* PROBLEM DESCRIPTION *
All of the records should be given back exactly and in full.

Crawled caption data
* * *

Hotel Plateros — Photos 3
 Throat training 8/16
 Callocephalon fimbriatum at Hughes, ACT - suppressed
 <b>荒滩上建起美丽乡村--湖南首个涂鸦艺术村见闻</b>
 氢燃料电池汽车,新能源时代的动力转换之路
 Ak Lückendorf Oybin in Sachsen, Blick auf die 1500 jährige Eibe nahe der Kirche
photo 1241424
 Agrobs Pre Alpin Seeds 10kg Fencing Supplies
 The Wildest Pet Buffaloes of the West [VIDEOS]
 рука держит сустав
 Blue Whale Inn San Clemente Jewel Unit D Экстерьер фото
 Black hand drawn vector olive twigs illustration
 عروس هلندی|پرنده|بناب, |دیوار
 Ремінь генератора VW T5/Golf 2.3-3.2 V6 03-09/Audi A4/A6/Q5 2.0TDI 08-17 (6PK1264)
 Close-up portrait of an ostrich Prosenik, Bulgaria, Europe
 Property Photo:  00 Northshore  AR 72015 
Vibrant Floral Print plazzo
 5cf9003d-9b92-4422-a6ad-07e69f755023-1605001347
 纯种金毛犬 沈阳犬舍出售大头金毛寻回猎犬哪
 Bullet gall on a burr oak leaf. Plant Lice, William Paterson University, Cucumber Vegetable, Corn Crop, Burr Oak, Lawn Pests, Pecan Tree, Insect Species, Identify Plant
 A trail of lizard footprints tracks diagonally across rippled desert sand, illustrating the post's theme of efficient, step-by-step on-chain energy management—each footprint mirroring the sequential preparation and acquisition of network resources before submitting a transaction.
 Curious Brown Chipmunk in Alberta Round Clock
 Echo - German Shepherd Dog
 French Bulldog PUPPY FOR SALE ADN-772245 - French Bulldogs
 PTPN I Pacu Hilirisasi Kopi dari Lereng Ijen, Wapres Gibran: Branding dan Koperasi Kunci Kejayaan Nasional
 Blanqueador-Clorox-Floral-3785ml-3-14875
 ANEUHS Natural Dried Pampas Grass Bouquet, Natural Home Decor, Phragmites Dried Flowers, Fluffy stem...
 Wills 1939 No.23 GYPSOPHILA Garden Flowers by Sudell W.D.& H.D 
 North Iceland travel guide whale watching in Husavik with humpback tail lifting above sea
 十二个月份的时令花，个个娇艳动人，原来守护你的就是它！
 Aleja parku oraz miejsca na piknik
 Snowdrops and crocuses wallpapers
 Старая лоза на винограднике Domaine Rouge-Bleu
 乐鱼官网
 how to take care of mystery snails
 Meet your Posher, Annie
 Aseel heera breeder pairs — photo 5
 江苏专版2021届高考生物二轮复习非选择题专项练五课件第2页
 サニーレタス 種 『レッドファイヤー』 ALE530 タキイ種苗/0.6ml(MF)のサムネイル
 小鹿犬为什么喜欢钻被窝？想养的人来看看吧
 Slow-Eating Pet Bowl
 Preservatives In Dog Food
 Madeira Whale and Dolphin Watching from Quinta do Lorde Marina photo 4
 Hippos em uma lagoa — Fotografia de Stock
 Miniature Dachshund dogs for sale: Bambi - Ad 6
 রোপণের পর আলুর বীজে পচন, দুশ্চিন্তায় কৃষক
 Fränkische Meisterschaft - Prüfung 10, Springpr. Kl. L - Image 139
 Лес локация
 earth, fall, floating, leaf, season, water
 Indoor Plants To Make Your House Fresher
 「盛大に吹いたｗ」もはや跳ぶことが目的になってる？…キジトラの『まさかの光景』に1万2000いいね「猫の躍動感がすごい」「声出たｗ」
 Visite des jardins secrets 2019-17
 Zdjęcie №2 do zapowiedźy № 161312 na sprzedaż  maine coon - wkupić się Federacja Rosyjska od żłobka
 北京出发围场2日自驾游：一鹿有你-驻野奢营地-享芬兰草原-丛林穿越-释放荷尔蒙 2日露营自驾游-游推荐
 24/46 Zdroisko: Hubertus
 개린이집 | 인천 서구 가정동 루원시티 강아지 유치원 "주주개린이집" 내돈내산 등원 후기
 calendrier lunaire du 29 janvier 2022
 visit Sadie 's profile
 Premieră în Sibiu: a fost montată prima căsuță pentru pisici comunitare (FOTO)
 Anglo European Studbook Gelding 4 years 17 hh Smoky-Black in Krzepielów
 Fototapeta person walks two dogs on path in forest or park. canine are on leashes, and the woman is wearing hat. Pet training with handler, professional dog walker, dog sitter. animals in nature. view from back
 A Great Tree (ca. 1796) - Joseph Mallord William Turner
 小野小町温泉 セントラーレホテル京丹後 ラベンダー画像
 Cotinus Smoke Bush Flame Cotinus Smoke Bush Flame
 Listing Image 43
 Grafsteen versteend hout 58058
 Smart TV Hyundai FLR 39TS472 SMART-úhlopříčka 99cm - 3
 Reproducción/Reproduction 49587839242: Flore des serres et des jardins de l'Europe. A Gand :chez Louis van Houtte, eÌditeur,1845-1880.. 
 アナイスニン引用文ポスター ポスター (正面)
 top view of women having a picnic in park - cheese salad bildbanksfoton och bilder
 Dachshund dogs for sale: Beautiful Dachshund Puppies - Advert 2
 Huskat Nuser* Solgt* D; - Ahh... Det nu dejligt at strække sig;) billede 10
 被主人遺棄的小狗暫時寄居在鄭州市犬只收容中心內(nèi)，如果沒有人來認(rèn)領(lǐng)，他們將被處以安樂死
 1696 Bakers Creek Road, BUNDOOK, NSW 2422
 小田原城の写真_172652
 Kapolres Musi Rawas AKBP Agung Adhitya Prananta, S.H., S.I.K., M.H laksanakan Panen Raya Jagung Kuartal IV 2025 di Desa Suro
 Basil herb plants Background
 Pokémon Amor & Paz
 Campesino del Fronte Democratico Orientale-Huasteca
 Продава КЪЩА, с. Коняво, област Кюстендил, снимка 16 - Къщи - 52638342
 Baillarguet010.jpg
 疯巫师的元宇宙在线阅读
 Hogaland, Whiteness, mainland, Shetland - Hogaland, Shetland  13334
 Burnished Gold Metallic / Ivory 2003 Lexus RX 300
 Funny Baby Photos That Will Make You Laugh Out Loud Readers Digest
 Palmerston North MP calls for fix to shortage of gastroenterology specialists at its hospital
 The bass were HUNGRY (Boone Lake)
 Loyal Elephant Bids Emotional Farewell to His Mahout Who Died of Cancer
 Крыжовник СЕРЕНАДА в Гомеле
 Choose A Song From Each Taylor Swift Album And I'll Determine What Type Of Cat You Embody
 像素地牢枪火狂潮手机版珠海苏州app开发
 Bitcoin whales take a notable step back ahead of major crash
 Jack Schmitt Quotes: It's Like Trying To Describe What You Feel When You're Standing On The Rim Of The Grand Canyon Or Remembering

* * *

* WRITTEN RESPONSE *
Hotel Plateros — Photos 3
 Throat training 8/16
 Callocephalon fimbriatum at Hughes, ACT - suppressed
 <b>荒滩上建起美丽乡村--湖南首个涂鸦艺术村见闻</b>
 氢燃料电池汽车,新能源时代的动力转换之路
 Ak Lückendorf Oybin in Sachsen, Blick auf die 1500 jährige Eibe nahe der Kirche
photo 1241424
 Agrobs Pre Alpin Seeds 10kg Fencing Supplies
 The Wildest Pet Buffaloes of the West [VIDEOS]
 рука держит сустав
 Blue Whale Inn San Clemente Jewel Unit D Экстерьер фото
 Black hand drawn vector olive twigs illustration
 عروس هلندی|پرنده|بناب, |دیوار
 Ремінь генератора VW T5/Golf 2.3-3.2 V6 03-09/Audi A4/A6/Q5 2.0TDI 08-17 (6PK1264)
 Close-up portrait of an ostrich Prosenik, Bulgaria, Europe
 Property Photo:  00 Northshore  AR 72015 
Vibrant Floral Print plazzo
 5cf9003d-9b92-4422-a6ad-07e69f755023-1605001347
 纯种金毛犬 沈阳犬舍出售大头金毛寻回猎犬哪
 Bullet gall on a burr oak leaf. Plant Lice, William Paterson University, Cucumber Vegetable, Corn Crop, Burr Oak, Lawn Pests, Pecan Tree, Insect Species, Identify Plant
 A trail of lizard footprints tracks diagonally across rippled desert sand, illustrating the post's theme of efficient, step-by-step on-chain energy management—each footprint mirroring the sequential preparation and acquisition of network resources before submitting a transaction.
 Curious Brown Chipmunk in Alberta Round Clock
 Echo - German Shepherd Dog
 French Bulldog PUPPY FOR SALE ADN-772245 - French Bulldogs
 PTPN I Pacu Hilirisasi Kopi dari Lereng Ijen, Wapres Gibran: Branding dan Koperasi Kunci Kejayaan Nasional
 Blanqueador-Clorox-Floral-3785ml-3-14875
 ANEUHS Natural Dried Pampas Grass Bouquet, Natural Home Decor, Phragmites Dried Flowers, Fluffy stem...
 Wills 1939 No.23 GYPSOPHILA Garden Flowers by Sudell W.D.& H.D 
 North Iceland travel guide whale watching in Husavik with humpback tail lifting above sea
 十二个月份的时令花，个个娇艳动人，原来守护你的就是它！
 Aleja parku oraz miejsca na piknik
 Snowdrops and crocuses wallpapers
 Старая лоза на винограднике Domaine Rouge-Bleu
 乐鱼官网
 how to take care of mystery snails
 Meet your Posher, Annie
 Aseel heera breeder pairs — photo 5
 江苏专版2021届高考生物二轮复习非选择题专项练五课件第2页
 サニーレタス 種 『レッドファイヤー』 ALE530 タキイ種苗/0.6ml(MF)のサムネイル
 小鹿犬为什么喜欢钻被窝？想养的人来看看吧
 Slow-Eating Pet Bowl
 Preservatives In Dog Food
 Madeira Whale and Dolphin Watching from Quinta do Lorde Marina photo 4
 Hippos em uma lagoa — Fotografia de Stock
 Miniature Dachshund dogs for sale: Bambi - Ad 6
 রোপণের পর আলুর বীজে পচন, দুশ্চিন্তায় কৃষক
 Fränkische Meisterschaft - Prüfung 10, Springpr. Kl. L - Image 139
 Лес локация
 earth, fall, floating, leaf, season, water
 Indoor Plants To Make Your House Fresher
 「盛大に吹いたｗ」もはや跳ぶことが目的になってる？…キジトラの『まさかの光景』に1万2000いいね「猫の躍動感がすごい」「声出たｗ」
 Visite des jardins secrets 2019-17
 Zdjęcie №2 do zapowiedźy № 161312 na sprzedaż  maine coon - wkupić się Federacja Rosyjska od żłobka
 北京出发围场2日自驾游：一鹿有你-驻野奢营地-享芬兰草原-丛林穿越-释放荷尔蒙 2日露营自驾游-游推荐
 24/46 Zdroisko: Hubertus
 개린이집 | 인천 서구 가정동 루원시티 강아지 유치원 "주주개린이집" 내돈내산 등원 후기
 calendrier lunaire du 29 janvier 2022
 visit Sadie 's profile
 Premieră în Sibiu: a fost montată prima căsuță pentru pisici comunitare (FOTO)
 Anglo European Studbook Gelding 4 years 17 hh Smoky-Black in Krzepielów
 Fototapeta person walks two dogs on path in forest or park. canine are on leashes, and the woman is wearing hat. Pet training with handler, professional dog walker, dog sitter. animals in nature. view from back
 A Great Tree (ca. 1796) - Joseph Mallord William Turner
 小野小町温泉 セントラーレホテル京丹後 ラベンダー画像
 Cotinus Smoke Bush Flame Cotinus Smoke Bush Flame
 Listing Image 43
 Grafsteen versteend hout 58058
 Smart TV Hyundai FLR 39TS472 SMART-úhlopříčka 99cm - 3
 Reproducción/Reproduction 49587839242: Flore des serres et des jardins de l'Europe. A Gand :chez Louis van Houtte, eÌditeur,1845-1880.. 
 アナイスニン引用文ポスター ポスター (正面)
 top view of women having a picnic in park - cheese salad bildbanksfoton och bilder
 Dachshund dogs for sale: Beautiful Dachshund Puppies - Advert 2
 Huskat Nuser* Solgt* D; - Ahh... Det nu dejligt at strække sig;) billede 10
 被主人遺棄的小狗暫時寄居在鄭州市犬只收容中心內(nèi)，如果沒有人來認(rèn)領(lǐng)，他們將被處以安樂死
 1696 Bakers Creek Road, BUNDOOK, NSW 2422
 小田原城の写真_172652
 Kapolres Musi Rawas AKBP Agung Adhitya Prananta, S.H., S.I.K., M.H laksanakan Panen Raya Jagung Kuartal IV 2025 di Desa Suro
 Basil herb plants Background
 Pokémon Amor & Paz
 Campesino del Fronte Democratico Orientale-Huasteca
 Продава КЪЩА, с. Коняво, област Кюстендил, снимка 16 - Къщи - 52638342
 Baillarguet010.jpg
 疯巫师的元宇宙在线阅读
 Hogaland, Whiteness, mainland, Shetland - Hogaland, Shetland  13334
 Burnished Gold Metallic / Ivory 2003 Lexus RX 300
 Funny Baby Photos That Will Make You Laugh Out Loud Readers Digest
 Palmerston North MP calls for fix to shortage of gastroenterology specialists at its hospital
 The bass were HUNGRY (Boone Lake)
 Loyal Elephant Bids Emotional Farewell to His Mahout Who Died of Cancer
 Крыжовник СЕРЕНАДА в Гомеле
 Choose A Song From Each Taylor Swift Album And I'll Determine What Type Of Cat You Embody
 像素地牢枪火狂潮手机版珠海苏州app开发
 Bitcoin whales take a notable step back ahead of major crash
 Jack Schmitt Quotes: It's Like Trying To Describe What You Feel When You're Standing On The Rim Of The Grand Canyon Or Remembering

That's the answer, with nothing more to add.